なぜ箱根駅伝の”超高速化”が続くのか?「理由は厚底シューズの進化だけじゃない 」2連連続V青学大の大会新記録更新に加えてシード権争いも激化

 

 陸上界の〝常識〟が変わるなか選手たちの〝目線〟も異様に高くなっている。6区で区間新記録を打ち立てて、金栗四三杯(今大会での活躍が顕著で今後の活躍が期待できる選手)と大会MVP(総合優勝に最も貢献した選手)のW受賞となった野村は、前回も6区を区間2位(58分14秒)と好走しているが、レース前から「56分台」を目標に掲げていた。そして区間記録(57分17秒/館澤亨次)を30秒も更新する56分47秒という驚異的なタイムで山を駆け下りている。
 7区で区間新記録を打ち立てた駒大・佐藤圭汰(3年)も凄まじかった。今季は恥骨を疲労骨折して、大きく出遅れていた。本格的なトレーニングを再開して2か月ほどで、状態は「70ぐらい」だったという。しかも10か月ぶりのレースだったが、「区間記録」をひとつの目安にスタート。10㎞を28分21秒で通過した。本人は「練習不足もあって残り3㎞できつくなってしまった」と満足はしていなかったが、従来の区間記録(1時間01分40秒/明大・阿部弘輝)を1分近くも塗り替える1時間00分43秒という異次元のタイムで突っ走った。

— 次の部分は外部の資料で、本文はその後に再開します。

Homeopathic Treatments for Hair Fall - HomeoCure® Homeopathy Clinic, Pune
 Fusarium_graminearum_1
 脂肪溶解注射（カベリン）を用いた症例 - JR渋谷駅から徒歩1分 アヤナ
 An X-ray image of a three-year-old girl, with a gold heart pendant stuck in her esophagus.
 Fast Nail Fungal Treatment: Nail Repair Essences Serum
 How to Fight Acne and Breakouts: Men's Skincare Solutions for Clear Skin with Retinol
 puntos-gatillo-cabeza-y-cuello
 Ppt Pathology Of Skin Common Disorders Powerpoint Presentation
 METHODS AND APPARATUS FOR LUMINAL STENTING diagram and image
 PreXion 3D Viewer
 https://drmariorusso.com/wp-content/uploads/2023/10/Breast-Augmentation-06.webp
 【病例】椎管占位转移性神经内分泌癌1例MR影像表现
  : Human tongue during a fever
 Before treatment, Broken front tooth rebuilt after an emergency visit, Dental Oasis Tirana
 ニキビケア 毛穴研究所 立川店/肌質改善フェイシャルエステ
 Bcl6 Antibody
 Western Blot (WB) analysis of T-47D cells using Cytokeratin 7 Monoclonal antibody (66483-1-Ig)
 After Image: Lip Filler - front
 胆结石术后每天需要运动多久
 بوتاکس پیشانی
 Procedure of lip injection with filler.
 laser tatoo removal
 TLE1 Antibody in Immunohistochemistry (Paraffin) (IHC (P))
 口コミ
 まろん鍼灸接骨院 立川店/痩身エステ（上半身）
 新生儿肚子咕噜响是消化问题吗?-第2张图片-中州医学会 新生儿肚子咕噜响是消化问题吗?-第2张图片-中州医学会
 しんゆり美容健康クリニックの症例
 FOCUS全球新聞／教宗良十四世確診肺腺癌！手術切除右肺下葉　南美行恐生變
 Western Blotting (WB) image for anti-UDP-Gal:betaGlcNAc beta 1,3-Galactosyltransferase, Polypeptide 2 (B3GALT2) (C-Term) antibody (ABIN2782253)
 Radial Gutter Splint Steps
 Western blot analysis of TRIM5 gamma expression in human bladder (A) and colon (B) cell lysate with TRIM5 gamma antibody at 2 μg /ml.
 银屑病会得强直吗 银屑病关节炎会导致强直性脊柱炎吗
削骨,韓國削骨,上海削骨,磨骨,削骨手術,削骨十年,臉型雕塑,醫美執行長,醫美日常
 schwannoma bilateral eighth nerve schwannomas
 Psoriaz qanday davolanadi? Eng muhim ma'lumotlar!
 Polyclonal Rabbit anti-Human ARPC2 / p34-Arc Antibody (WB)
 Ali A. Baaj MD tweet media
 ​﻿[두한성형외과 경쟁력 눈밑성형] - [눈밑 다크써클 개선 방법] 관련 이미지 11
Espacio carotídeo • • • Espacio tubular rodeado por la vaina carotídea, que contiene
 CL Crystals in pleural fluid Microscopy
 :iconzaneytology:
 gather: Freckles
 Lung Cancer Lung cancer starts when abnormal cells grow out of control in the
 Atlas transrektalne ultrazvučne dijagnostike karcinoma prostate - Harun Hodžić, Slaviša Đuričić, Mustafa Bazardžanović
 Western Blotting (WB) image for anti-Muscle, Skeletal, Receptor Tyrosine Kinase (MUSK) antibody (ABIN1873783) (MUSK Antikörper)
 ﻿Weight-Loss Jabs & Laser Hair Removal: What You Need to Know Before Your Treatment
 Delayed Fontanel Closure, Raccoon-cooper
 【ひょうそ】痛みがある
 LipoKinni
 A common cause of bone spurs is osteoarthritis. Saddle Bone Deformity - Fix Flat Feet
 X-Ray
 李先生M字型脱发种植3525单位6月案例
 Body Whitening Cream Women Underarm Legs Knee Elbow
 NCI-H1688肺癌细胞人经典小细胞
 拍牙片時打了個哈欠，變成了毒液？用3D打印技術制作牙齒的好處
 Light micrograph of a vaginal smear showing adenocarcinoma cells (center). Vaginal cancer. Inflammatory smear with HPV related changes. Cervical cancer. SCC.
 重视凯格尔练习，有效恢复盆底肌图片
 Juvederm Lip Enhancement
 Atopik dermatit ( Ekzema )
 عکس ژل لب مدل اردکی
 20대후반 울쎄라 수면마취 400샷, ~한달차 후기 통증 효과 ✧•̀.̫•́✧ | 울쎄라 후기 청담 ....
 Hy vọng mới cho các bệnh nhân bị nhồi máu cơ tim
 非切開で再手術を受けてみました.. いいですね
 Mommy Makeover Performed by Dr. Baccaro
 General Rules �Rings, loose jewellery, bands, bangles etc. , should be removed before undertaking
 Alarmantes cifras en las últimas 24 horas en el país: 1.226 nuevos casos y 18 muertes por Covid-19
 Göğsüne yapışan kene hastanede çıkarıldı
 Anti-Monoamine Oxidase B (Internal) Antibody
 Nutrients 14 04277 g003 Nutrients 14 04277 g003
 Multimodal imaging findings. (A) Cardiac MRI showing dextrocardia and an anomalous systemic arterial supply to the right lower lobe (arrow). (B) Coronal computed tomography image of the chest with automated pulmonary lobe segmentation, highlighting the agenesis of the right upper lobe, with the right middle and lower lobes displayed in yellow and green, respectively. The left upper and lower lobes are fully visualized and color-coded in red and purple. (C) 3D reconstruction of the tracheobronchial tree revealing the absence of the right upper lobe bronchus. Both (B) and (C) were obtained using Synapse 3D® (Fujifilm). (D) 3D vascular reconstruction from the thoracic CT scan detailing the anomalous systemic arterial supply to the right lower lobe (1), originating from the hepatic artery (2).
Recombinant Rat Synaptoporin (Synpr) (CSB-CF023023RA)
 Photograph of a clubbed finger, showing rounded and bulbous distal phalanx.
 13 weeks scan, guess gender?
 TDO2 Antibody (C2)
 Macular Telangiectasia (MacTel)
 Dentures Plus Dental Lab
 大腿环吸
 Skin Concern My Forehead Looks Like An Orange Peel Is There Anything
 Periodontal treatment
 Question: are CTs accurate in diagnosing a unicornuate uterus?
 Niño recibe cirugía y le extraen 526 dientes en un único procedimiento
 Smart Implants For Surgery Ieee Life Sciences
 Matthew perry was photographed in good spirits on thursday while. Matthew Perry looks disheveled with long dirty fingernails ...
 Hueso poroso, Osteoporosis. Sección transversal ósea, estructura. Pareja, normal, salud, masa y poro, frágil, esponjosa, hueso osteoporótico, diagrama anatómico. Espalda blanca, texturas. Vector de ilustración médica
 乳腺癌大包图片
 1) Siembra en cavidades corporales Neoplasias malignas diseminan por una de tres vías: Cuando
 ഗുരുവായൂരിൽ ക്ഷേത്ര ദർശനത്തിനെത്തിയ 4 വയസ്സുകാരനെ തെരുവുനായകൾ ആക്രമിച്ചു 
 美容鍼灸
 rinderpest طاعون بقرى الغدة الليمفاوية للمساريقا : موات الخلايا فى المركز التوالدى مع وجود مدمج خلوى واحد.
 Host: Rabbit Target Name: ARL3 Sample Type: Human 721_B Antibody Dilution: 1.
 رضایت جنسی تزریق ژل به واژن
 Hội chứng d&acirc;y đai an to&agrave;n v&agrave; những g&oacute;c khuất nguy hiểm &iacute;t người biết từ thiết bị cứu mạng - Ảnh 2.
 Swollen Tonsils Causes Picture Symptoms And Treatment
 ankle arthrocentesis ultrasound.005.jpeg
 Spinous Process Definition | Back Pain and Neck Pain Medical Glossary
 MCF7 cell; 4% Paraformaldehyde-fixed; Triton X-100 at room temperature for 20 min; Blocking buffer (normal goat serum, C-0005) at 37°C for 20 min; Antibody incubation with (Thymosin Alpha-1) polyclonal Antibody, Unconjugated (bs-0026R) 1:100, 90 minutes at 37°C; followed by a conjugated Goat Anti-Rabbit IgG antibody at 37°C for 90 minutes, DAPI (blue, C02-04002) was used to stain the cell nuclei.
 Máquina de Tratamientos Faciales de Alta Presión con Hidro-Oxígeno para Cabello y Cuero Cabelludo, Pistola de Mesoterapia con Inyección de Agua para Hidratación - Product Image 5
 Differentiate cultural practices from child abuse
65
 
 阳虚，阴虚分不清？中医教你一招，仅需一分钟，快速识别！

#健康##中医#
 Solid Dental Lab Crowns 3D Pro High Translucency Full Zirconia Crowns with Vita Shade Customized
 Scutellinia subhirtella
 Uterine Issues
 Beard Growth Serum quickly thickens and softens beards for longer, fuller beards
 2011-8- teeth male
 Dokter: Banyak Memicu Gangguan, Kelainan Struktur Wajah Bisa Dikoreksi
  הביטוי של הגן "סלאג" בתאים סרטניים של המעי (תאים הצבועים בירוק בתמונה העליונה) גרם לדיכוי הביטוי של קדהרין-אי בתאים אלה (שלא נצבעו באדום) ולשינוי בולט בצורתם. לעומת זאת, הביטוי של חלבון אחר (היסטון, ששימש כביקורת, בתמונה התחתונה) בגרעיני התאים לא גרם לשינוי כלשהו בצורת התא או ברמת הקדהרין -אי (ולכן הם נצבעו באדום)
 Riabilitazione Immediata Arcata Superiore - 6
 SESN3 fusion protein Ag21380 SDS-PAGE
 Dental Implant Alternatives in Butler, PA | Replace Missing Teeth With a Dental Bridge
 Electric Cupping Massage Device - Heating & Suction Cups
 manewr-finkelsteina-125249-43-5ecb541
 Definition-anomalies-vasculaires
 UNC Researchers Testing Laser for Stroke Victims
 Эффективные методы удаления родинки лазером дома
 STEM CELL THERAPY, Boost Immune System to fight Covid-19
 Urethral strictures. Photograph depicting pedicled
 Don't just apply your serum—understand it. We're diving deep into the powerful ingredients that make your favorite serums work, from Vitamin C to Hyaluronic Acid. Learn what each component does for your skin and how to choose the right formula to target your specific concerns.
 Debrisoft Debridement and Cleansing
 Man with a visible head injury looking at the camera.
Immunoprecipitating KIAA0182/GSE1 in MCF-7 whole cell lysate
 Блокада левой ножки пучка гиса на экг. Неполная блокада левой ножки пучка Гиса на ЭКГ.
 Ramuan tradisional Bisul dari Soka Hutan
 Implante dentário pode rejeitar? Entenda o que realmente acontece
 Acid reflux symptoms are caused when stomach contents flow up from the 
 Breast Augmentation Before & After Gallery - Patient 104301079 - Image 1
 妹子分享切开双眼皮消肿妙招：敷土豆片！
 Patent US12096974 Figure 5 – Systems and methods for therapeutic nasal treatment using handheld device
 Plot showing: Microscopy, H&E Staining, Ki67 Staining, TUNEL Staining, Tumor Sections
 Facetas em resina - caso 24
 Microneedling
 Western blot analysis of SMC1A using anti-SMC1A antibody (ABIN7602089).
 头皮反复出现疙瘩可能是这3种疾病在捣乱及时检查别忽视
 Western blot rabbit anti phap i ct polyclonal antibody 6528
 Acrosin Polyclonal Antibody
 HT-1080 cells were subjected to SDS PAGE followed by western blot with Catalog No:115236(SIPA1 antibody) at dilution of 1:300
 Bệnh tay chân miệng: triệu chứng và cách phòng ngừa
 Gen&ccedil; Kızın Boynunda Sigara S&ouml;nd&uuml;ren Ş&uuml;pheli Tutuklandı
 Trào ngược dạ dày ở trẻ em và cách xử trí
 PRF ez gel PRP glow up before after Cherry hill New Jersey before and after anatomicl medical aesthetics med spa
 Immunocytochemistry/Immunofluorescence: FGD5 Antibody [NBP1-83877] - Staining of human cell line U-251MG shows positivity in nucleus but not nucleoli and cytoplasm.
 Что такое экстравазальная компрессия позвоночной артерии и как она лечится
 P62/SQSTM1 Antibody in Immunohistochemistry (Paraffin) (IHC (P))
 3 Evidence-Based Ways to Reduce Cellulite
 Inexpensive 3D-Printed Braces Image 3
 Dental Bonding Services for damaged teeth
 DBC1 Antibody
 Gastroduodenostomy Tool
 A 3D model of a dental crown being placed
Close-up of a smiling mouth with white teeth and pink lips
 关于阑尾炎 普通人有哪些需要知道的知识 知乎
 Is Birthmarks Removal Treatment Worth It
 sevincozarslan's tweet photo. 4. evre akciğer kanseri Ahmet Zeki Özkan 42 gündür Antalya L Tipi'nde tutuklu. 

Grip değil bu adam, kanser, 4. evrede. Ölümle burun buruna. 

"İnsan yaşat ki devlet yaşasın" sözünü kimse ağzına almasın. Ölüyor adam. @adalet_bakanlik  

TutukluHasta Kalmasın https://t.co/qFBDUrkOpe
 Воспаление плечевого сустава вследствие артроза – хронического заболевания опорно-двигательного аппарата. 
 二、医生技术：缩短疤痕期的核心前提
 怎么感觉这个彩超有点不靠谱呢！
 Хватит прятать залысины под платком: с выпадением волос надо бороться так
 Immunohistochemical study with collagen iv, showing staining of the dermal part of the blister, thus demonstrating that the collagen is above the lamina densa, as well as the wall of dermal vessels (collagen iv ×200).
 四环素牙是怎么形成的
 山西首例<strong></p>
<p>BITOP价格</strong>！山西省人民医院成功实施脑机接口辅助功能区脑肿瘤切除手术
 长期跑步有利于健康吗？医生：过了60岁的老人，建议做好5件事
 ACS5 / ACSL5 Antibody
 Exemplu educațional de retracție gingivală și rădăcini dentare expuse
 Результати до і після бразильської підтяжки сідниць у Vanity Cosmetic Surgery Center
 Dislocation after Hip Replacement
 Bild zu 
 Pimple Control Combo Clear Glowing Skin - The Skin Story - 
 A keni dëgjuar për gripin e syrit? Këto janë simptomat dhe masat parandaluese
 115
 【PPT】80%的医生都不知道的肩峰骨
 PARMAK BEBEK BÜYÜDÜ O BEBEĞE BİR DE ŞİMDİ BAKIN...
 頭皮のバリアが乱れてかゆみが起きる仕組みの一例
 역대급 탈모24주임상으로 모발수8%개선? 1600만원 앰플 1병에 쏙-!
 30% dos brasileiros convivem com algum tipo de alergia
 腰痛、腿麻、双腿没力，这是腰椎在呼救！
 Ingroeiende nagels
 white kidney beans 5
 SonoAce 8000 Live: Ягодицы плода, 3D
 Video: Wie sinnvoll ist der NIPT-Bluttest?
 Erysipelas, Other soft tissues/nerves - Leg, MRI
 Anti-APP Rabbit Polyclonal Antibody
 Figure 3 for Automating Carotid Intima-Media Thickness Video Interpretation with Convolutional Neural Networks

 個人的に最も驚かされたのが2区の衝撃的なタイムだ。2区初挑戦となった創価大・吉田響(4年)が1時間05分43秒、前回1時間06分07秒(当時・区間歴代4位)で区間賞を獲得した青学大・黒田朝日(3年)が1時間05分44秒。日本人最高記録(1時間05分57秒/東洋大・相澤晃)を塗り替えただけでなく、区間記録(1時間05分49秒/東京国際大・ヴィンセント)も更新した。
 さらに信じられなかったのが吉田響の設定タイムだ。当初から区間記録を大幅に上回る「1時間05分20秒」をターゲットにしていたのだ。
「設定タイムは相澤選手と黒田選手の記録を参考にしたうえで、ラスト3.1㎞の戸塚の坂を自分は8分30~40秒まで引き上げて、大幅な区間記録を狙っていました」
 一方の黒田は腕時計をしないで走る選手で、タイムはさほど意識していなかったという。今回も自分の感覚で走り、前年のタイムを23秒上回った。